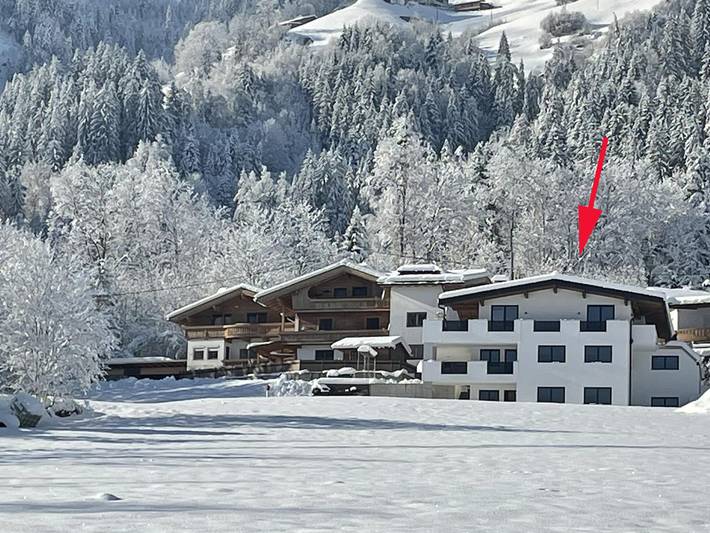 Ferienwohnung für 5 Personen, mit Balkon - 1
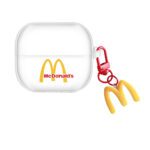 Protector Samsung Buds 3/3 Pro Mcdonalds Clear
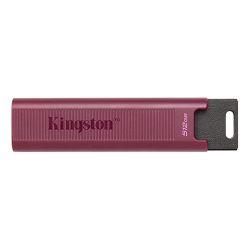 Kingston 512GB DataTraveler Max USB 3.2 Gen2 Memory Pen, Sliding Cap, LED Status, RW 1,000900 MBs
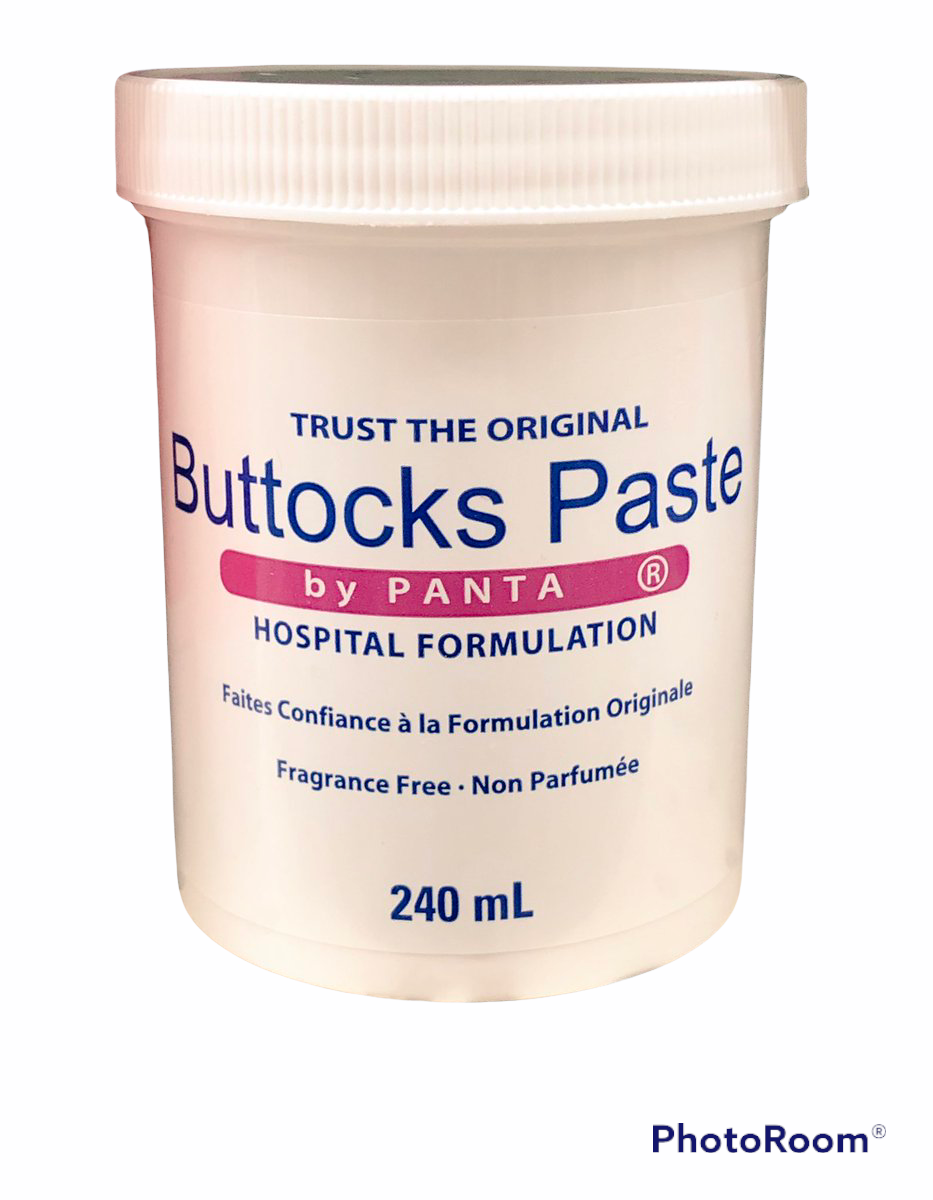 Buttocks Paste by Panta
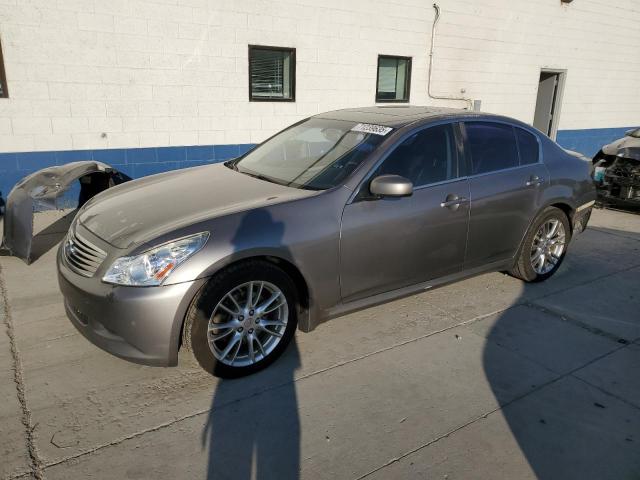 2008 INFINITI G35,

★ ★ ★

WHAT IS BEING ASKED:
Although the material contains pictures, only the lines are to be written out, exactly as they stand.

RESPONSE AREA:
 Ferienwohnung für 5 Personen, mit Balkon - 1
 Protector Samsung Buds 3/3 Pro Mcdonalds Clear
 Kingston 512GB DataTraveler Max USB 3.2 Gen2 Memory Pen, Sliding Cap, LED Status, RW 1,000900 MBs
 Buttocks Paste by Panta
 2008 INFINITI G35,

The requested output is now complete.